- Stored data
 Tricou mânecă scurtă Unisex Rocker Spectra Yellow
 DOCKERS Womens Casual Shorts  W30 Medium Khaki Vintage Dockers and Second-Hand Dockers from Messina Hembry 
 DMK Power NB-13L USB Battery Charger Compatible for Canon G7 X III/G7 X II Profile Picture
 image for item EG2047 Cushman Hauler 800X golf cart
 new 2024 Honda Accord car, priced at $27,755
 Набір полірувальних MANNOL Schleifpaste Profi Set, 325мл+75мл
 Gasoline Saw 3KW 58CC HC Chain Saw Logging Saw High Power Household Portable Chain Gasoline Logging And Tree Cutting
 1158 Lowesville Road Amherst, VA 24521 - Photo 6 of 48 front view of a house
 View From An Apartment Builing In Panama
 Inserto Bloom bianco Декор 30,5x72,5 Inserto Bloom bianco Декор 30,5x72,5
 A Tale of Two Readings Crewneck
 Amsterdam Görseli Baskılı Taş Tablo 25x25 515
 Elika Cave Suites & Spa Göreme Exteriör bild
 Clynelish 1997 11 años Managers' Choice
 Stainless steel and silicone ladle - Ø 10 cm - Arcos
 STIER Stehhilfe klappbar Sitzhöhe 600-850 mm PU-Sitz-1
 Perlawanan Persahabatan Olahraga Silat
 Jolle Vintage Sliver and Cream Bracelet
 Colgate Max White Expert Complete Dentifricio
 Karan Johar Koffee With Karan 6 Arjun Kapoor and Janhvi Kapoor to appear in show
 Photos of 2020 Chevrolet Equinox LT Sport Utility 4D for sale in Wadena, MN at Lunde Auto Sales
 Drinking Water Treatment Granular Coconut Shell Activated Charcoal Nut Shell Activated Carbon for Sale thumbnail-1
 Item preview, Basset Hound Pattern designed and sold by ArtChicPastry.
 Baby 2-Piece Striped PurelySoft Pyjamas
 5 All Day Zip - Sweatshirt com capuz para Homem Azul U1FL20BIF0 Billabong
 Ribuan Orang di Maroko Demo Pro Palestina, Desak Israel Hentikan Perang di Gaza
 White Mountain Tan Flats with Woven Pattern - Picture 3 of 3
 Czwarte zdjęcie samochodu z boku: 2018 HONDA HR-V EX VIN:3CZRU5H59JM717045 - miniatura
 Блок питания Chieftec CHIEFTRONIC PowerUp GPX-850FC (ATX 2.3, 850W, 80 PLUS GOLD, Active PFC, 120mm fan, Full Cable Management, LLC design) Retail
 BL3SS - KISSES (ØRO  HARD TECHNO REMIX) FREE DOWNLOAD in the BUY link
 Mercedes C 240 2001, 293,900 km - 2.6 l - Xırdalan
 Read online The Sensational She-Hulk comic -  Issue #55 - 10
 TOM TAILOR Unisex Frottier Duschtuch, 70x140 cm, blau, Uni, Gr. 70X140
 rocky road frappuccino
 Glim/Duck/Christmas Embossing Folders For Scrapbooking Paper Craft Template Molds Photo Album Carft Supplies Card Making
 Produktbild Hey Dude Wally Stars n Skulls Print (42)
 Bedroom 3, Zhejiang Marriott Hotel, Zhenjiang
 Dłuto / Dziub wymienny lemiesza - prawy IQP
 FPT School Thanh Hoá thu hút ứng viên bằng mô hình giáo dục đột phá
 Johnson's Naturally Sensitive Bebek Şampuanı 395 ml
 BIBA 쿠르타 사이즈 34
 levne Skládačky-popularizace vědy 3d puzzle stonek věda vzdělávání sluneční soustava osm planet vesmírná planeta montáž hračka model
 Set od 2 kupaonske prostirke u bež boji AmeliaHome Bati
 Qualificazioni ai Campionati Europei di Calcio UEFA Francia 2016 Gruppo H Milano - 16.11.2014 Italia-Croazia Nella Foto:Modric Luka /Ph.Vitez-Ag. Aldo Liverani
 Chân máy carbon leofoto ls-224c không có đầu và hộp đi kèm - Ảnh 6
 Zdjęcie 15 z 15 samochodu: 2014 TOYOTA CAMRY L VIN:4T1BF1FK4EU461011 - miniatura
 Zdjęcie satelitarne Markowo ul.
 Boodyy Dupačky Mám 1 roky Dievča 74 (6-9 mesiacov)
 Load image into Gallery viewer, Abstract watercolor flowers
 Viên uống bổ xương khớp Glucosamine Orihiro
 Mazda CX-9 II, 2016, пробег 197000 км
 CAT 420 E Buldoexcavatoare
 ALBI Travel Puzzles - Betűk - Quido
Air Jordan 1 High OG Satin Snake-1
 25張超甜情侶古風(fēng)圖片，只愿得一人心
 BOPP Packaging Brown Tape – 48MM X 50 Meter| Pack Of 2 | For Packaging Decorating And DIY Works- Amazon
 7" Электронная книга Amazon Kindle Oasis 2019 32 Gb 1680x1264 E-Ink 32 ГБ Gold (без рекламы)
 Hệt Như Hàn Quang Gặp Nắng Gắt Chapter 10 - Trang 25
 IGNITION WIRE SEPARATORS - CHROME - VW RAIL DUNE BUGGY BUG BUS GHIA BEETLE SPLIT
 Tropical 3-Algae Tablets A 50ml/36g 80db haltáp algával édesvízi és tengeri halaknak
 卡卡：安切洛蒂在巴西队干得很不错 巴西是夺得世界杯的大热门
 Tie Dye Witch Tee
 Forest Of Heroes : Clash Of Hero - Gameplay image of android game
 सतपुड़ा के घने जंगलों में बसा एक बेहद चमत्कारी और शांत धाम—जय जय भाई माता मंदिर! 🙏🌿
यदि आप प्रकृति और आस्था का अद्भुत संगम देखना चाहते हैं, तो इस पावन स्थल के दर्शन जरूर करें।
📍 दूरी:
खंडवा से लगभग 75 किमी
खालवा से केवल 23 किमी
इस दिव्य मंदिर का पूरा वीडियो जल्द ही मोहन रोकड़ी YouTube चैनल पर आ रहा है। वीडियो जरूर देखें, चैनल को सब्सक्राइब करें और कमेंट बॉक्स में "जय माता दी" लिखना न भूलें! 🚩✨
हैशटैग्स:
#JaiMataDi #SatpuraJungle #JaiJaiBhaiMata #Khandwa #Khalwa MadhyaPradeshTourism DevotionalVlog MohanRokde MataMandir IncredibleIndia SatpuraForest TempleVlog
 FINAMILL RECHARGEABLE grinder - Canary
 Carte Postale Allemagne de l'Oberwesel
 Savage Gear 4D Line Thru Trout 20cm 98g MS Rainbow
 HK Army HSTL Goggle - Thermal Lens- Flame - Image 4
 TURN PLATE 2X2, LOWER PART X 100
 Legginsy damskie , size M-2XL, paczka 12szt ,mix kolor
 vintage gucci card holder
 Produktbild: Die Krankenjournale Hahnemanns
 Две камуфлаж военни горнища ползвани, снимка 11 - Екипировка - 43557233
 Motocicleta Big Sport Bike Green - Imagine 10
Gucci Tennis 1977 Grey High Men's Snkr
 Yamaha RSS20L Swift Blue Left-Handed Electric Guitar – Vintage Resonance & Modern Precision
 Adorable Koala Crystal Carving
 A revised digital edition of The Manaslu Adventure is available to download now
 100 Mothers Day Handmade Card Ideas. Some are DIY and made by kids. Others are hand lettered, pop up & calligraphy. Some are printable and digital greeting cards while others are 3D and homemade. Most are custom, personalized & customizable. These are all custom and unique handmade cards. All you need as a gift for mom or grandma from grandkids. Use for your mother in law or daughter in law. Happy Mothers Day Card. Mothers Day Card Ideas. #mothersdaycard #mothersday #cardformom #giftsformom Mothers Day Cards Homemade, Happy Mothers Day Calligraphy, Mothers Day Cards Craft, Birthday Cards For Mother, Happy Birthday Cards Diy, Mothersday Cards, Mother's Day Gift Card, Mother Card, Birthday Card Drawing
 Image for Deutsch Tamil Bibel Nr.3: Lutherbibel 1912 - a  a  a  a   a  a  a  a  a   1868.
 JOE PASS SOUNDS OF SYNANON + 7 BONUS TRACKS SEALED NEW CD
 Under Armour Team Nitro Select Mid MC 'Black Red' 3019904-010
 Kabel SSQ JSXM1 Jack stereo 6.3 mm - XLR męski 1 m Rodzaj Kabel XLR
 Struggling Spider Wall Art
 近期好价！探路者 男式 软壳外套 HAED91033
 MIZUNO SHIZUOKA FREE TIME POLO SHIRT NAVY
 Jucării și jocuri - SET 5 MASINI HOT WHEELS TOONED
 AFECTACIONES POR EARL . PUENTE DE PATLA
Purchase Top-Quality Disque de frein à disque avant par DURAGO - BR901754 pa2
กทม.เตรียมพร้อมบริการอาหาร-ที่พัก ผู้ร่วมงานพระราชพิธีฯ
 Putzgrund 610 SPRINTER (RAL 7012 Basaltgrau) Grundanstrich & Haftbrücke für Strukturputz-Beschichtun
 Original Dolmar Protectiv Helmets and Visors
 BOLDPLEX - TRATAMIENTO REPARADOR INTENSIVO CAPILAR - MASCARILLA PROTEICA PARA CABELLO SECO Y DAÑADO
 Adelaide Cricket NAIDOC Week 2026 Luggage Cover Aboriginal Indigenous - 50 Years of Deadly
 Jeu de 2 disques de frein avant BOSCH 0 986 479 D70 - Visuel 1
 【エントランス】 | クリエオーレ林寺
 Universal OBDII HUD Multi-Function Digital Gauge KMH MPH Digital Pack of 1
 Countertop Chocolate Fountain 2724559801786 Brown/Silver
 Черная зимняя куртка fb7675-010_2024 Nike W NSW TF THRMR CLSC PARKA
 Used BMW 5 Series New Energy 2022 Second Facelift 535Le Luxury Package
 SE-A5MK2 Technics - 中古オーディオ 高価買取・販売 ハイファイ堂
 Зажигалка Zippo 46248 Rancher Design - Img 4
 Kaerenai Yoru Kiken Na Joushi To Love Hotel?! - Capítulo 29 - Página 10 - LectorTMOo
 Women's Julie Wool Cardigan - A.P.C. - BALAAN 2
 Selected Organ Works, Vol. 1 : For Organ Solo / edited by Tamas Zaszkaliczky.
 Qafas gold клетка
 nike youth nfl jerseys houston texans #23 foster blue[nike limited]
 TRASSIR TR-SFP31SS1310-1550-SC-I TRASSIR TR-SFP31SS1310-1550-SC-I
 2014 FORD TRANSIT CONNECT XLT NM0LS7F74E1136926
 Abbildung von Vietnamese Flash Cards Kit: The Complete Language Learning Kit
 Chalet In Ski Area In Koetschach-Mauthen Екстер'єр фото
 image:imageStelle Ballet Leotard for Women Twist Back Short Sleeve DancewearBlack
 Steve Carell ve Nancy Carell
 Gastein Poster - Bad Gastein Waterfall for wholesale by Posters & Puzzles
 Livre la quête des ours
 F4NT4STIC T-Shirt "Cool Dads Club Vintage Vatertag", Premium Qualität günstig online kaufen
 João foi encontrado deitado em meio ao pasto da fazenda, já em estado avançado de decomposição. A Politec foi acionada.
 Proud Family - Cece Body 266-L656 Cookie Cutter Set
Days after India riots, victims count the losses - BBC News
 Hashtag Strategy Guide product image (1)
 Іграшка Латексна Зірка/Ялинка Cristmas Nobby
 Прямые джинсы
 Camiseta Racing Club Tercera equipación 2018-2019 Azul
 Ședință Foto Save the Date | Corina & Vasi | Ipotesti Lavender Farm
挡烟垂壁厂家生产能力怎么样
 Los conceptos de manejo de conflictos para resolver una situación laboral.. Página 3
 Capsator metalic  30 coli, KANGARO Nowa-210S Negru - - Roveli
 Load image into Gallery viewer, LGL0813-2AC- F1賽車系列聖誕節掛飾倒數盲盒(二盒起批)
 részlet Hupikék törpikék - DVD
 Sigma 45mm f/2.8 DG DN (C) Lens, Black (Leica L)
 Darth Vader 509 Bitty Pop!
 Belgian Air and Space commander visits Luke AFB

- Work task
When the line with "JOE PASS SOUNDS" is reached in the data above, begin copying, and stop after the line with "Putzgrund 610 SPRINTER"; copy each line exactly, both ends included.

- Answer space
 JOE PASS SOUNDS OF SYNANON + 7 BONUS TRACKS SEALED NEW CD
 Under Armour Team Nitro Select Mid MC 'Black Red' 3019904-010
 Kabel SSQ JSXM1 Jack stereo 6.3 mm - XLR męski 1 m Rodzaj Kabel XLR
 Struggling Spider Wall Art
 近期好价！探路者 男式 软壳外套 HAED91033
 MIZUNO SHIZUOKA FREE TIME POLO SHIRT NAVY
 Jucării și jocuri - SET 5 MASINI HOT WHEELS TOONED
 AFECTACIONES POR EARL . PUENTE DE PATLA
Purchase Top-Quality Disque de frein à disque avant par DURAGO - BR901754 pa2
กทม.เตรียมพร้อมบริการอาหาร-ที่พัก ผู้ร่วมงานพระราชพิธีฯ
 Putzgrund 610 SPRINTER (RAL 7012 Basaltgrau) Grundanstrich & Haftbrücke für Strukturputz-Beschichtun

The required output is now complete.